I am reproducing what Shell "Design Engineering Practices (DEP) has to say about Shut-Off pressure (SOP):

The shut-off pressure is the pressure at the discharge of a centrifugal pump with the suction pressure at the maximum possible value and the discharge system closed.

The shut-off pressure SOP is determined by the equation:

SOP = SP + HPS + HPO - HPD, in which

- SP = set pressure of the pressure relief device on the pump suction system (Notes 1 and 2)
- HPS = hydrostatic pressure of the liquid above the pump suction (Note 2)
- HPO = pump differential pressure at no flow and maximum pump speed and highest density as per process design (Note 3)
- HPD = hydrostatic pressure of the liquid above the pump discharge

NOTES:
1. In the exceptional case of the shut-off pressure condition and the relief condition having a common cause, the relief pressure shall be taken instead of the set pressure.

2. Consideration shall be given to the designing of systems which are not liquid-full but could be filled completely within a short period, due to low vapour volume or high pump rates, so as to withstand pump shut-off pressure. Each case shall be studied individually and the Principal's agreement is required. As a guide, operator action can be assumed within 30 minutes after an appropriate reliable warning that overfilling is taking place, see API RP 521.

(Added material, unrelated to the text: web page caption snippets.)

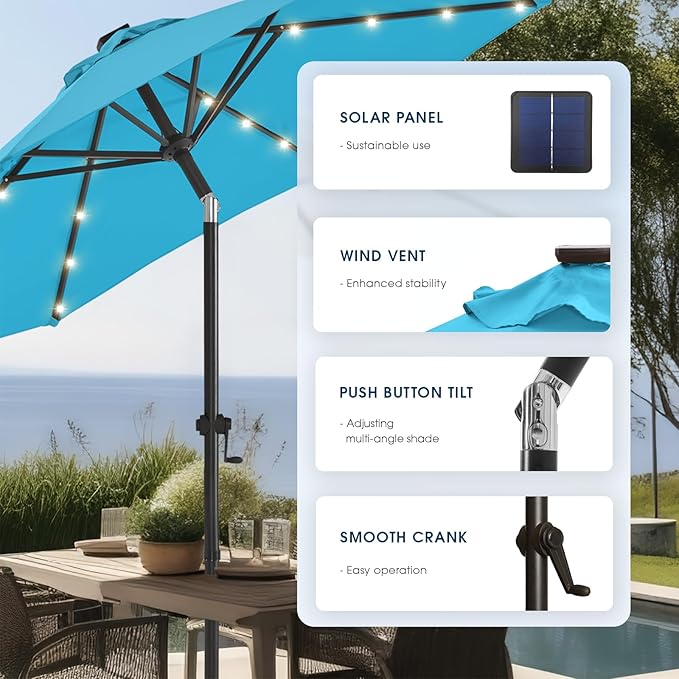 wikiwiki 9FT Solar Led Patio Umbrella with Base Included, 32 LED Lights, 8 Sturdy Ribs, Fade Resistant Waterproof POLYESTER DTY Canopy for Garden, Lawn, Deck, Backyard & Pool, Sky Blue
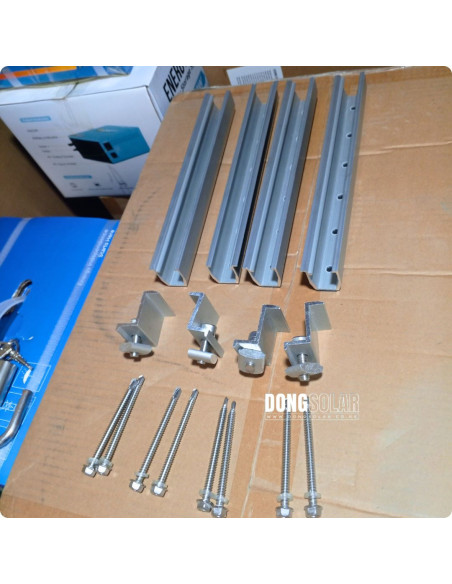 Solar Panel Clamp Set with 4 Mini Rails and 4 End Clamps for PV Mounting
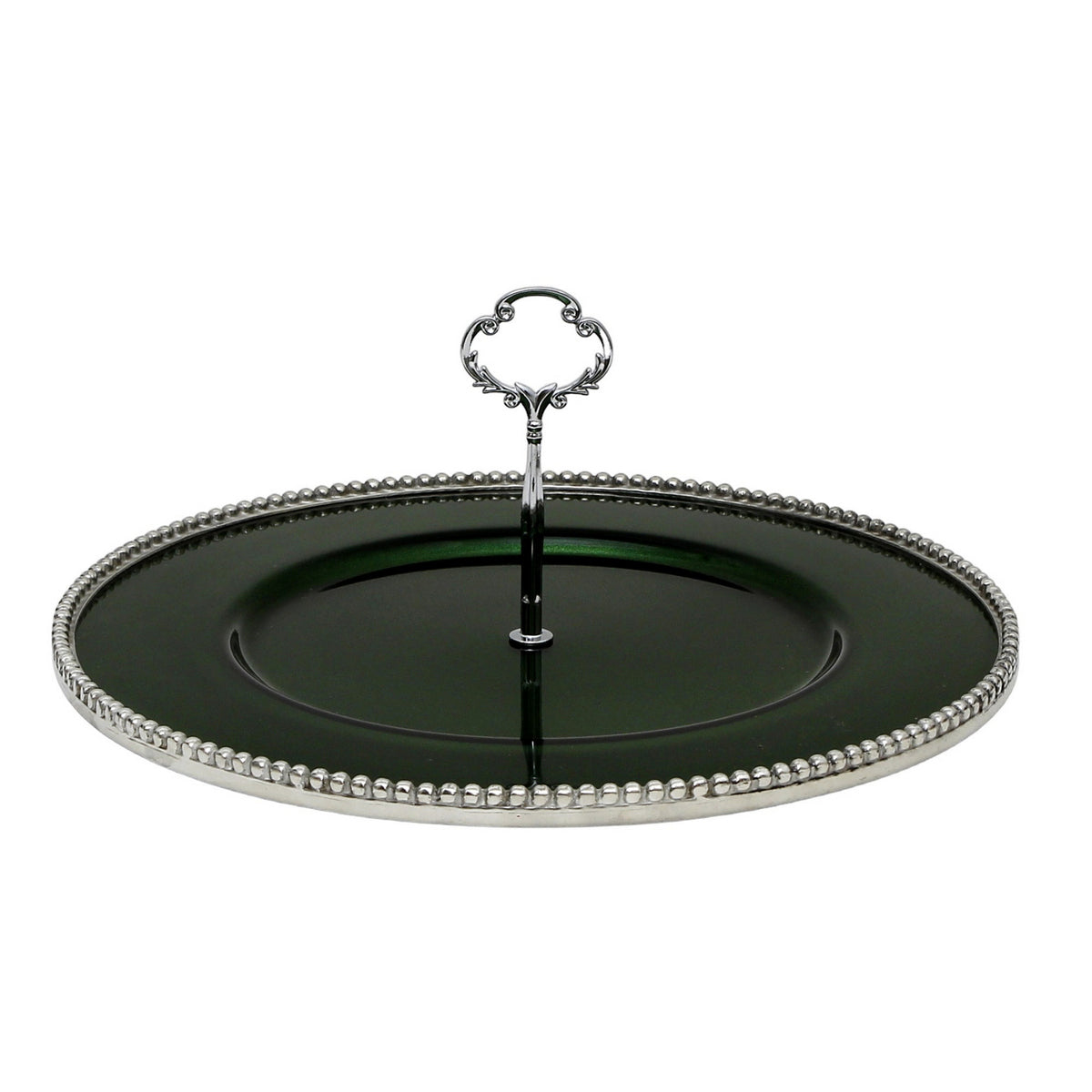 ARTE ITALICA PERLINA: Tid Bit Server Green Glass Tray with Metal rim - Golden or Chrome Oval Metal Handle - artisticaitalian.com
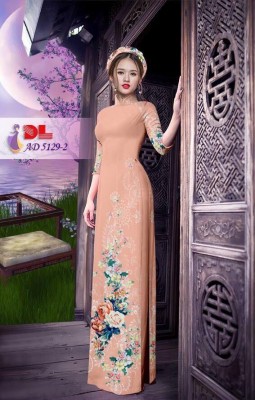 Vải áo dài hoa hồng dây-DT 3838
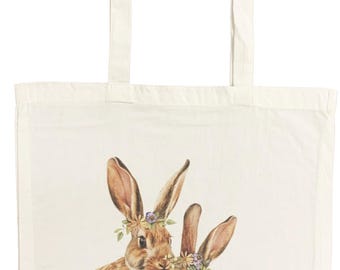 Floral Bunny Portrait Cotton Tote Bag – Eco-Friendly Shopping
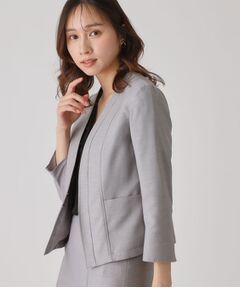 【新品】クードシャンス ジャケット 40/L 洗える／日本製／通勤】ノーカラージャケット（テーラード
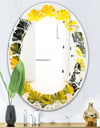 Marbled Yellow 5 - Modern Round or Oval Wall Mirror - Leaves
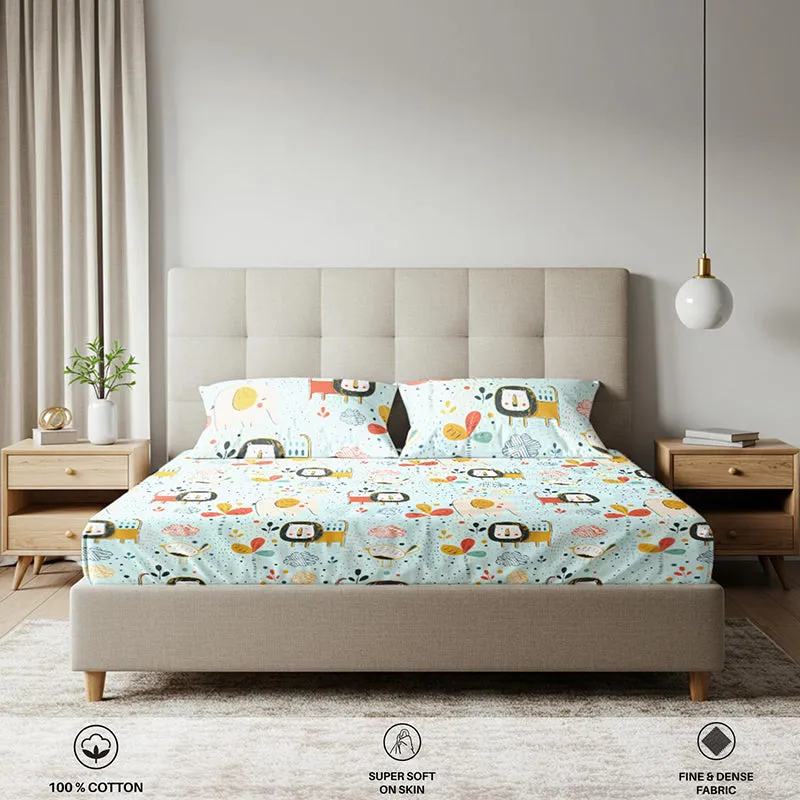 Urban Space Junglee Kids Cotton Bedsheet (Pastel Blue) - 200 TC media 5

3. For steam turbine driven pumps and variable speed electric motor driven pumps, the maximum possible speed at start-up and during operation of the pump shall be carefully assessed since this can influence the design pressure considerably. Differences of more than 25% between differential head at normal running speed and maximum running speed are not unusual.


Shut-off Pressure is normally always something that the pump vendor provides as is obvious from the pump curve of Q vesus H. So it is not an absolute must to specify shut-off pressure & if possible it should be left to the pump manufacturer to specify this value. In cases where it becomes unavoidable & some value needs to be provided I have used the above equation for specifying the SOP. The SP in the above equation becomes equal to atmospheric pressure (1.013 barA or 14.7 psia) if the suction system is open to the atmosphere.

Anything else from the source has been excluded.